The Nature Park, like much of BC, if not the whole of Canada, is covered in snow. There is plenty of bird activity and the trails are criss-crossed here and there with animal tracks. We found a squirrel stuffed into a chickadee nesting box, fluffy tail evident at the entrance hole. How it managed to fit itself in there, I don't know. After the first day of snow, I was able to follow some coyote tracks down to the Shell Road trail, but today I saw just a few paw prints. 


December 10, 2020
Salal and Labrador Tea

At this is the time of year, when the contrast between evergreens and deciduous plants is the most pronounced, the salal and Labrador tea really stand out.

Neither plant loses its leaves during the autumn and winter, both are adapted to living in the harsh environment of the bog. Salal leaves are tough with a leathery cuticle that helps retain moisture, whilst the fuzzy underside of the Labrador Tea traps water vapour. The new, pink growing tips of the Labrador Tea can already be seen, but are tightly closed until the spring, so that they will survive whatever winter brings.

The salal provides not only berries, but vital ground cover for small mammals and ground-loving birds.

Higher up, the evergreen pines and hemlocks allow owls and other raptors to roost, whilst on the forest floor, the leaves from the deciduous trees furnish the smallest creatures with food and shelter, and they turn that food into soil. 

December 2, 2020

Nature is now counting down to the winter solstice on the 21st December, when the nights start slowly drawing out again. Most of the deciduous trees have now dropped their leaves, the scar that shows where each leaf dropped, already carrying the potential for next year's bud.

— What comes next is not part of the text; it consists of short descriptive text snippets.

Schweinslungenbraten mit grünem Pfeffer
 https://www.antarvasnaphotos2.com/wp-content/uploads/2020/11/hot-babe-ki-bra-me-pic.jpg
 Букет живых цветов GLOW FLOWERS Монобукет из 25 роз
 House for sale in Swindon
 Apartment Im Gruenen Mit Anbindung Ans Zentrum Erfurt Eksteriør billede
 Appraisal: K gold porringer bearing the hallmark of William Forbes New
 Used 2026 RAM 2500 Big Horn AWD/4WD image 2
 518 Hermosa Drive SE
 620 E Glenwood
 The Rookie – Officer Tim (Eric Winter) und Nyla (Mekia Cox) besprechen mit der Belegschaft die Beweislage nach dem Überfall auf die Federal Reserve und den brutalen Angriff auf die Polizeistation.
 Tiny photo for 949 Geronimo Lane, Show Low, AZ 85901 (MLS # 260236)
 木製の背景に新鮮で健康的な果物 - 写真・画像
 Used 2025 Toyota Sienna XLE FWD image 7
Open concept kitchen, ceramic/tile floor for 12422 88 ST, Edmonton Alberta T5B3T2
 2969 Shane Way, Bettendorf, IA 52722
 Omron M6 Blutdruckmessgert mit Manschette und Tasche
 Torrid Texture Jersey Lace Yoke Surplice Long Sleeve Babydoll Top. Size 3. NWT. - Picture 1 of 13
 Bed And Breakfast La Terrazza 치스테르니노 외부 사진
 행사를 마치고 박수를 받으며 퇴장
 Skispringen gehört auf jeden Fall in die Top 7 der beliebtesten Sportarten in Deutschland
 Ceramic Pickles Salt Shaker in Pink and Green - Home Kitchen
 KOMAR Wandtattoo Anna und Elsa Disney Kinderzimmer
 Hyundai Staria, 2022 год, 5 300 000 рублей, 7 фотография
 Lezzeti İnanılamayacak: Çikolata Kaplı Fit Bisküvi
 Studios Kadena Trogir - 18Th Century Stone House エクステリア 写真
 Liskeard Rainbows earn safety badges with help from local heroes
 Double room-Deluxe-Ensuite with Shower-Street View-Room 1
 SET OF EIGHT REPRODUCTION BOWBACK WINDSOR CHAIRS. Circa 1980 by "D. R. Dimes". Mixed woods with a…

This is the time of year when we realise how important the mixture of both deciduous and evergreen trees is. The leaf litter provides shelter and food for bugs and insects, and in their turn, they will turn some of it into new soil. But the cover afforded by the evergreens gives shelter to larger birds such as owls and other raptors - mainly hawks. Low to the ground, the salal, itself an evergreen,  becomes shelter for some smaller birds and mammals.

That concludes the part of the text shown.